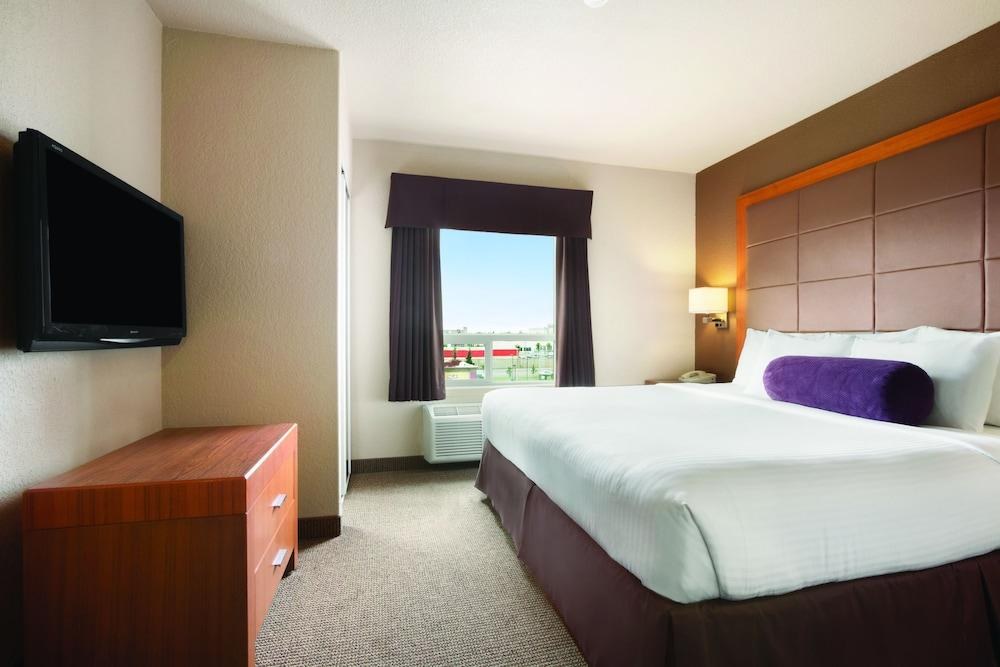 DAYS INN - RED DEER photo 3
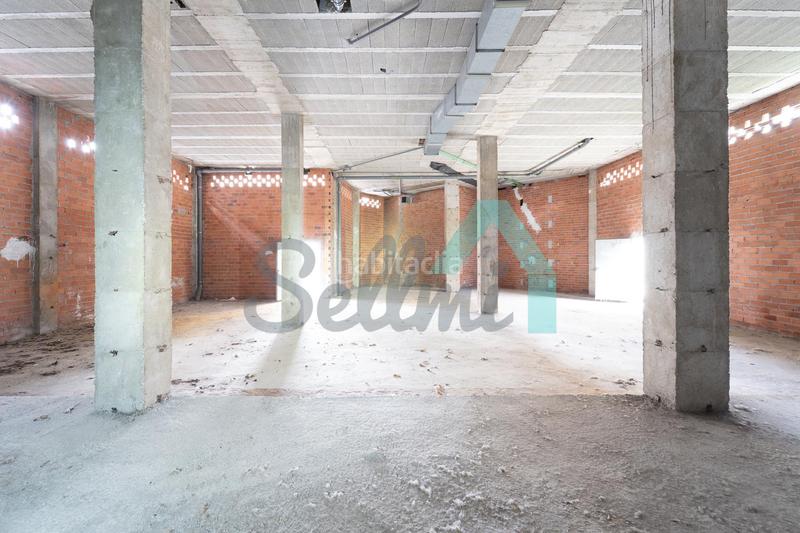 Foto c245dbf8-45bd-4aee-babf-149bc00cbb9b. Alquiler local comercial en La Florida Oviedo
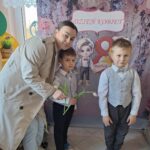 dzień kobiet w przedszkolu chłopcy rozdają kwiatki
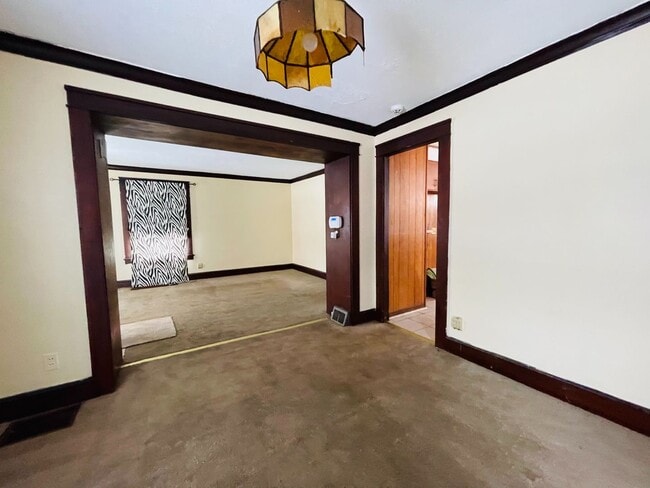 Building Photo - DREAM LOCATION !! LOOKS LIKE PRIVET ROAD !!!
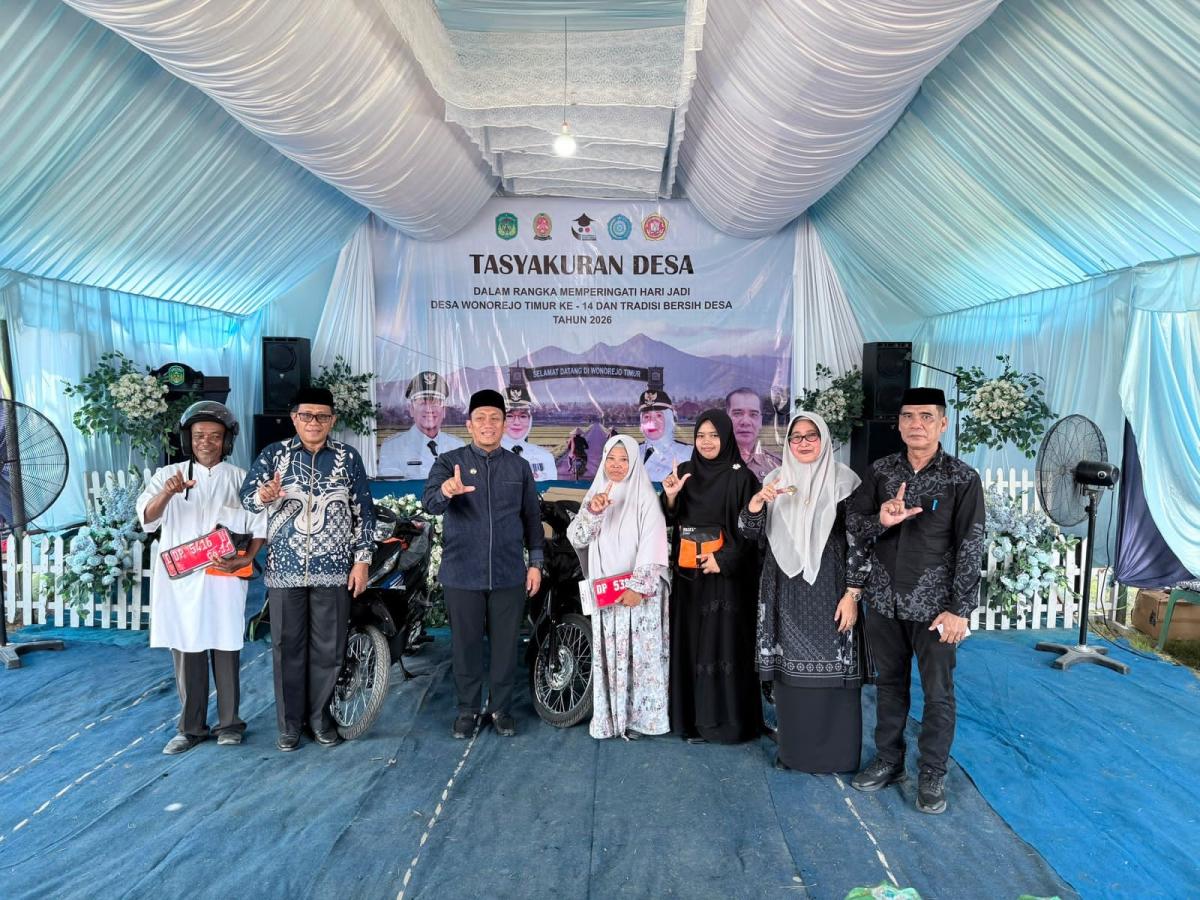 Irwan Serahkan Modi Petugas Keagamaan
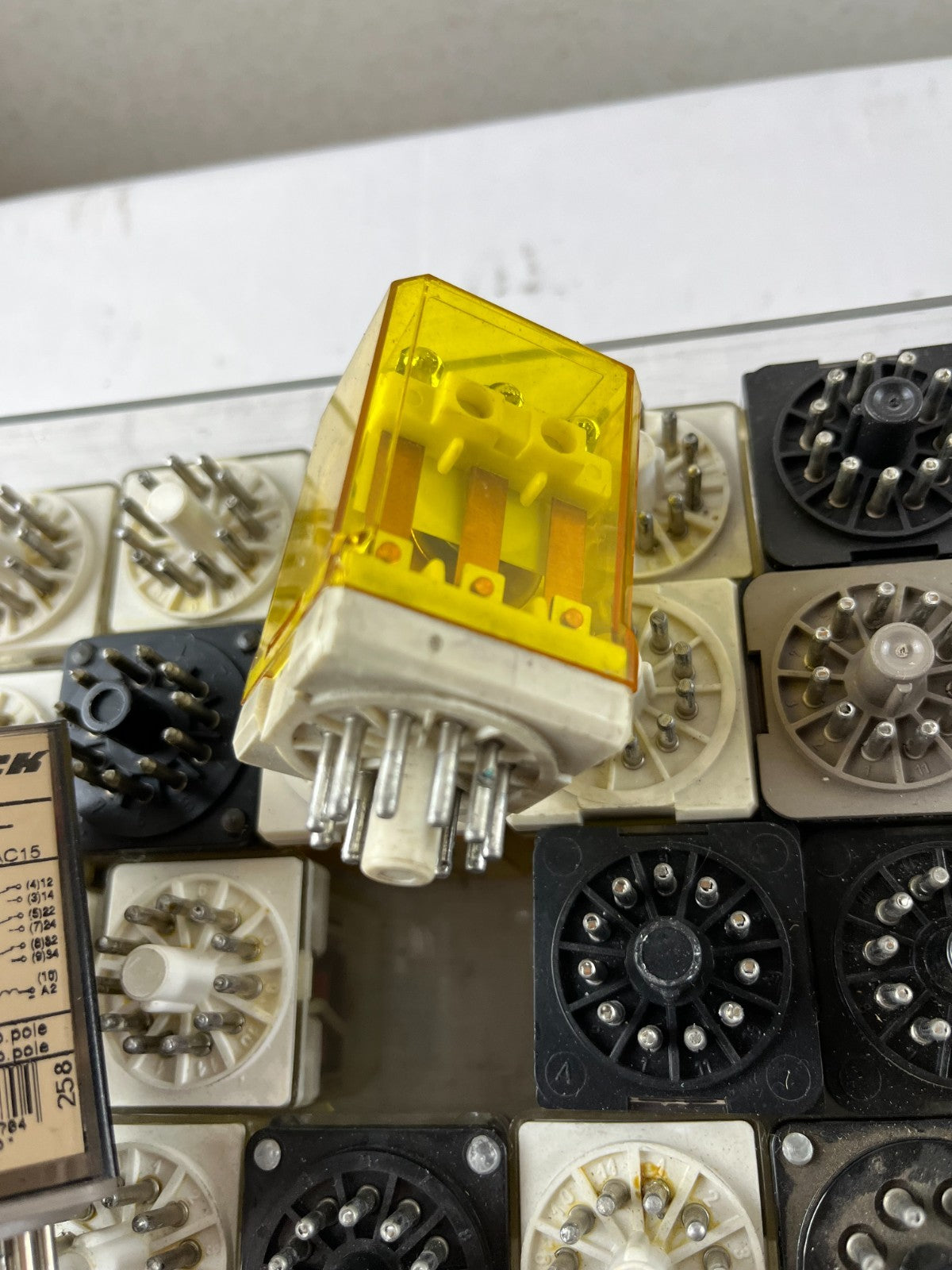 Schrack MT323024 24V Plug-In Relay Lot 32 pcs + 11-Pin Relay Sockets Industrial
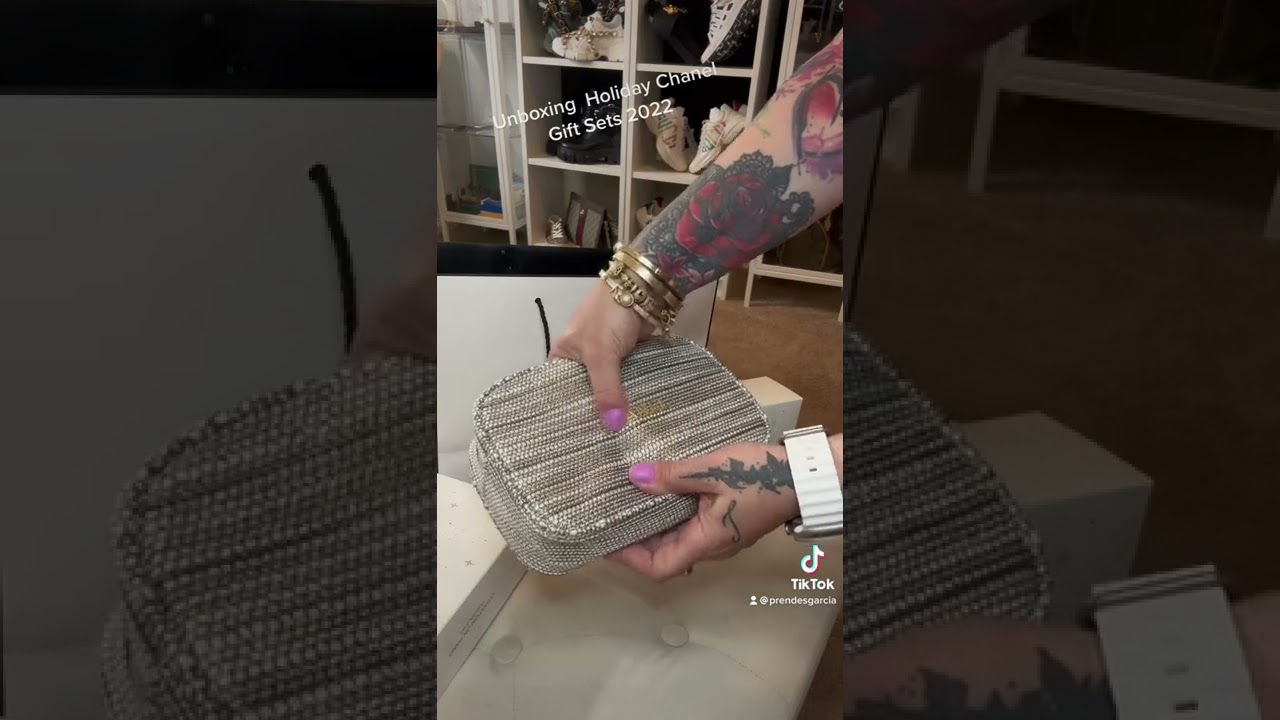 Unboxing Chanel Holiday GIFT SETS 2022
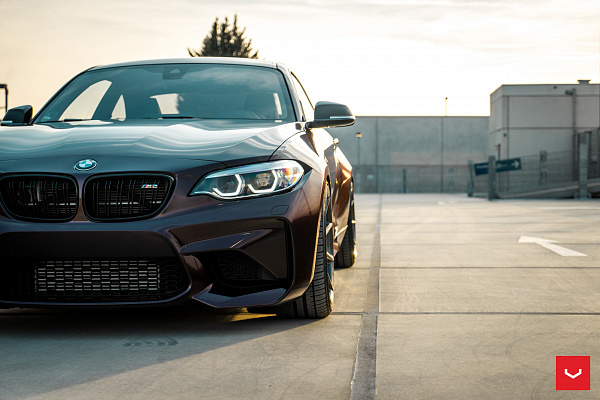 Фото дисков Vossen VFS-10 Глянцевый графит на BMW 2/M2 (F22/F87)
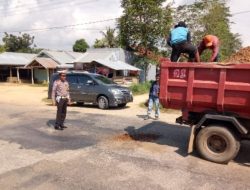 Jelang Mudik, Satlantas Konawe Lakukan Tambal Jalan Berlubang Dijalan Poros Lambuya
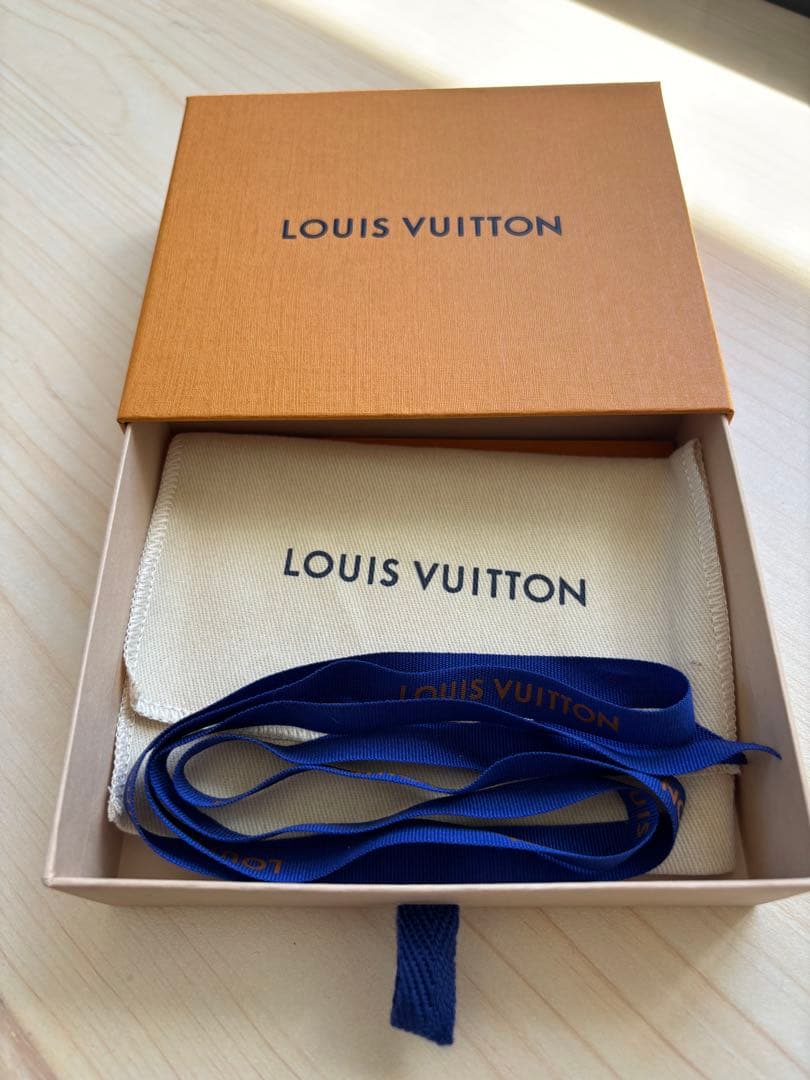 こ*ん様 ヴィトン　ジッピー・ パース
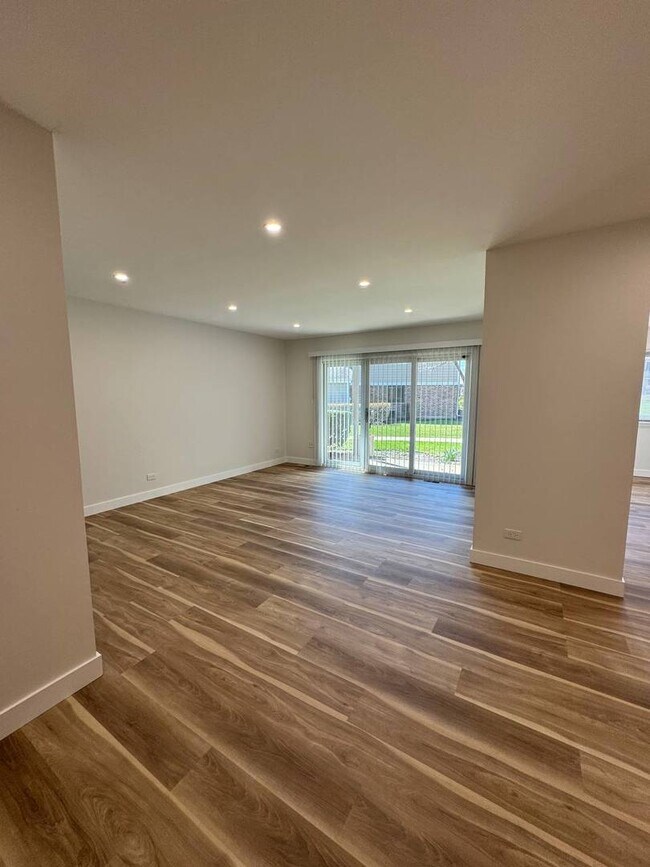 Building Photo - 52 Stanton Ct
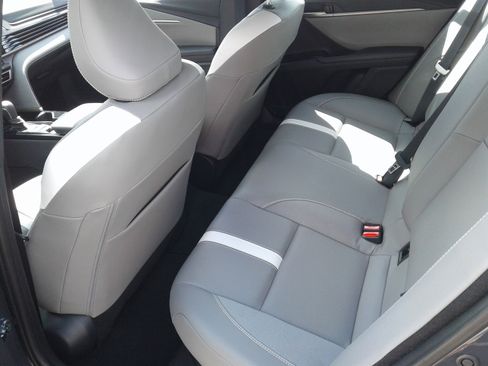 Used 2025 Toyota Camry SE w/ Convenience Package image 12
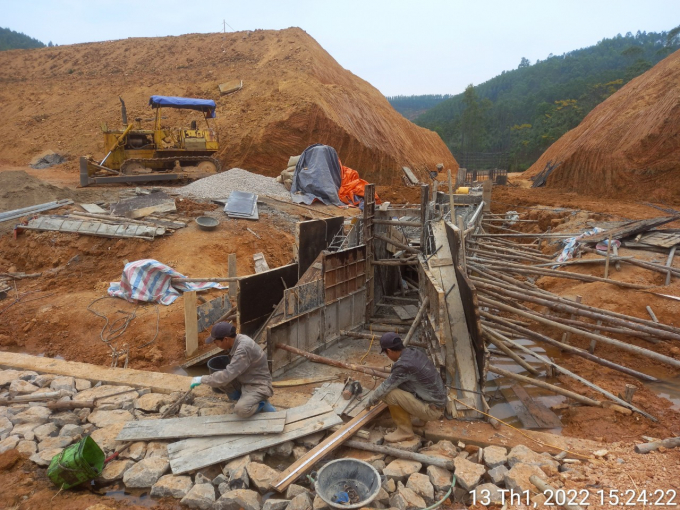 Hồ Khuôn Pinh đang thi công đào đắp mái thượng lưu, phát quang đường quản lý vận hành, lắp dựng thép đường ống cống và lắp dựng cốt thép sàn mái nhà quản lý. Ảnh: Vinh Trần.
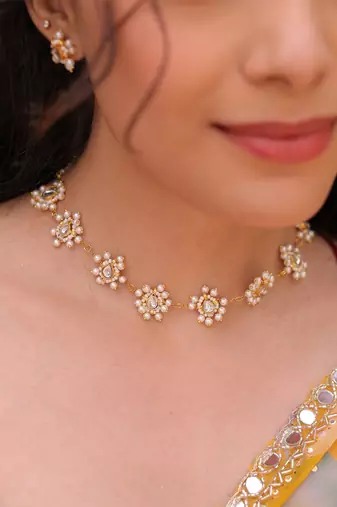 Aranyika majestic lustral glow pachi kundan choker set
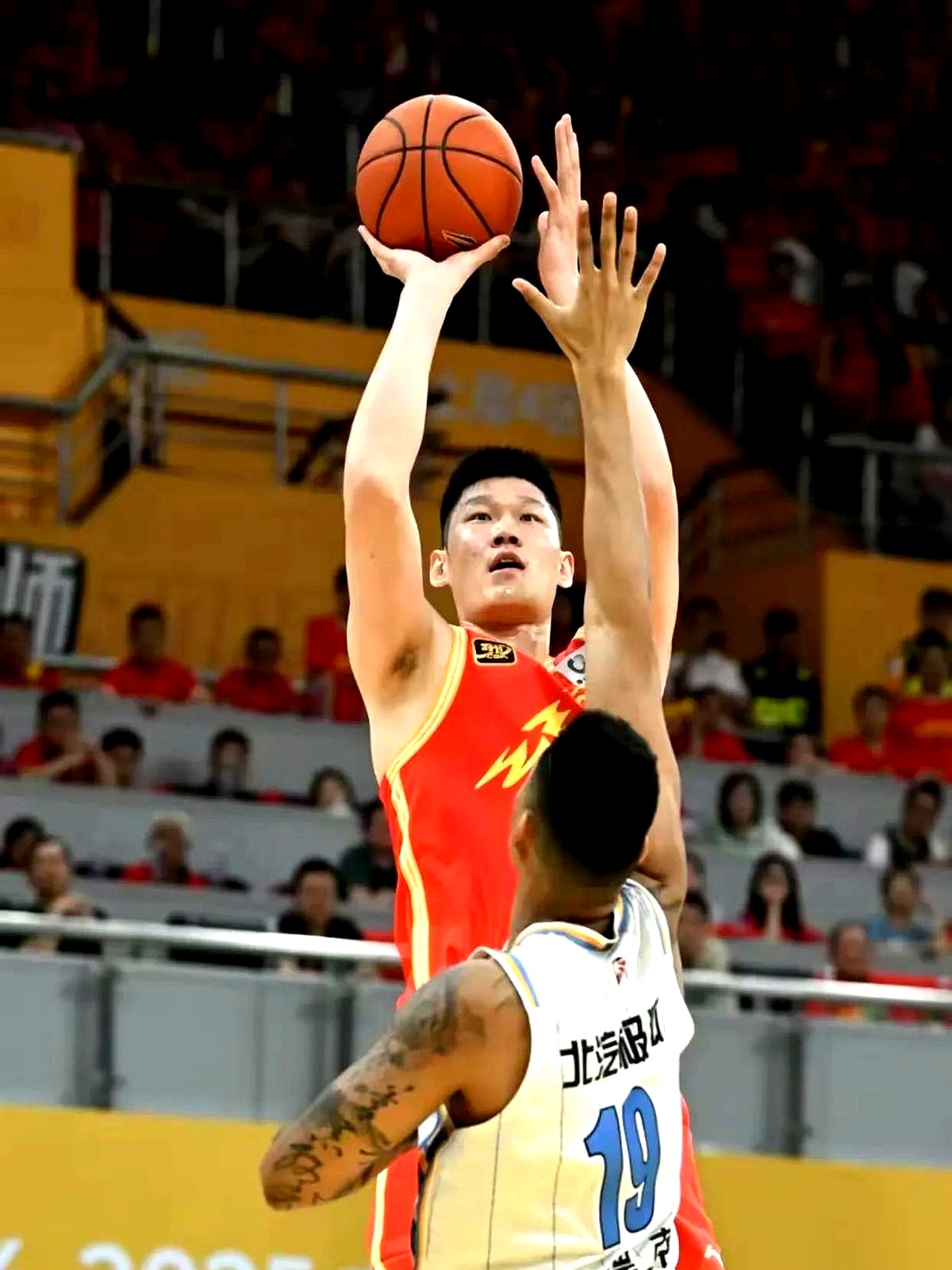 关于亚洲杯中国男篮90-68力克约旦男篮程帅澎20分胡金秋13+11的信息  第1张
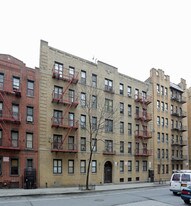 2722 Valentine Ave in Bronx, NY - Foto de edificio - Building Photo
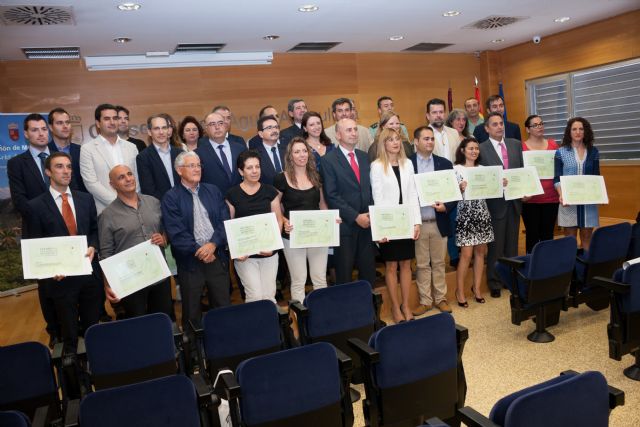 El Alcalde de Cehegín recoge el premio al programa 'Medioambientados', iniciativa municipal sobre educación ambiental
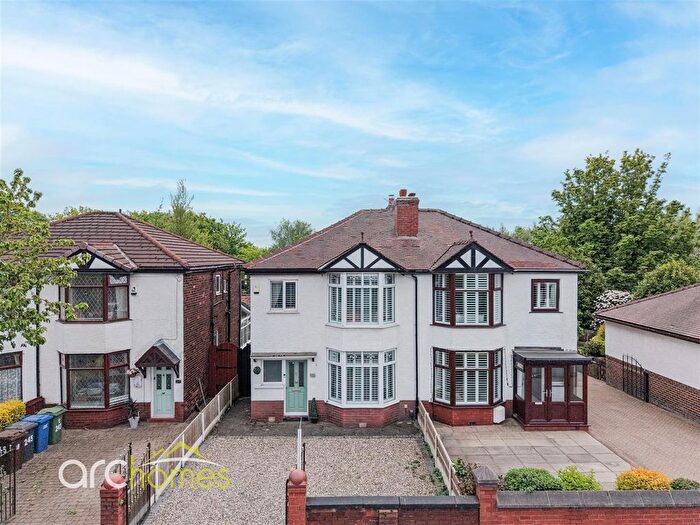 3 Bedroom Semi Detached House For Sale In Bolton Road, Atherton, Manchester, M46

- **WHAT YOU NEED TO DO**
Nothing but the lines from the first line of the listing above to the line containing "Irwan Serahkan Modi Petugas Keagamaan" should appear in the answer, each one exact and with no pictures.

- **ANSWER**
 DAYS INN - RED DEER photo 3
 Foto c245dbf8-45bd-4aee-babf-149bc00cbb9b. Alquiler local comercial en La Florida Oviedo
 dzień kobiet w przedszkolu chłopcy rozdają kwiatki
 Building Photo - DREAM LOCATION !! LOOKS LIKE PRIVET ROAD !!!
 Irwan Serahkan Modi Petugas Keagamaan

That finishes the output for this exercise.